The Supreme Court’s Landmark “Cell Phone” Privacy Decision
The Supreme Court's June 25, 2014 decision in Riley v. California (No. 13-132) and U.S. v. Wurie (No. 13-212) (2014 U.S. Lexis 4497) decided “how the search incident to arrest doctrine applies to modern cell phones.” The Court held that under the Fourth Amendment “a warrant is generally required for such a search, even when a cell phone is seized incident to arrest.”

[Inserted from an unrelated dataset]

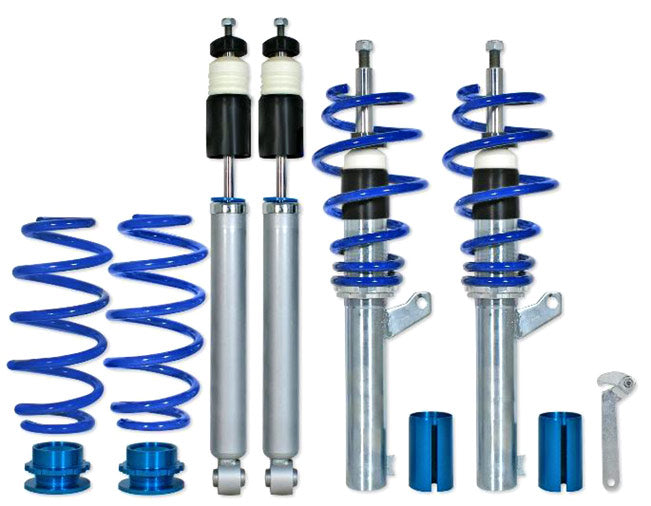 Triple-S schroefset voor Audi A3 8P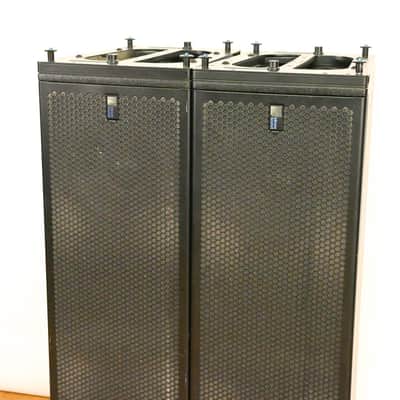 Meyer Sound MICA Active Line Array Loudspeaker (PAIR) CG01ZNP *ASK FOR SHIPPING* image 2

This decision likely will have future ramifications extending far beyond police practices in searching street criminals, for multiple reasons. First, all nine justices joined in the bottom line, so this is not a decision that will be undermined by the next Supreme Court appointments. Second, the decisional rationale is broad and forward looking. Third, although phased, and thus far publicized, in terms of “cell phones,” the Court's focus was on computerized digital information, which will be seen as an invitation to seek privacy protection for such information in numerous other contexts, both from the courts and in the legislature.
The Riley case arose through the California state court system. Riley was stopped for “driving with expired registration tags.” When it appeared his “license had been suspended,” the police impounded and searched the car. They found guns and then arrested Riley. The police searched Riley incident to that arrest and “seized a cell phone from Riley's pocket.” This was a “smart phone,” which the Supreme Court characterized as a “cell phone with a broad range of other functions based on advanced computing capability, large storage capacity, and Internet connectivity.”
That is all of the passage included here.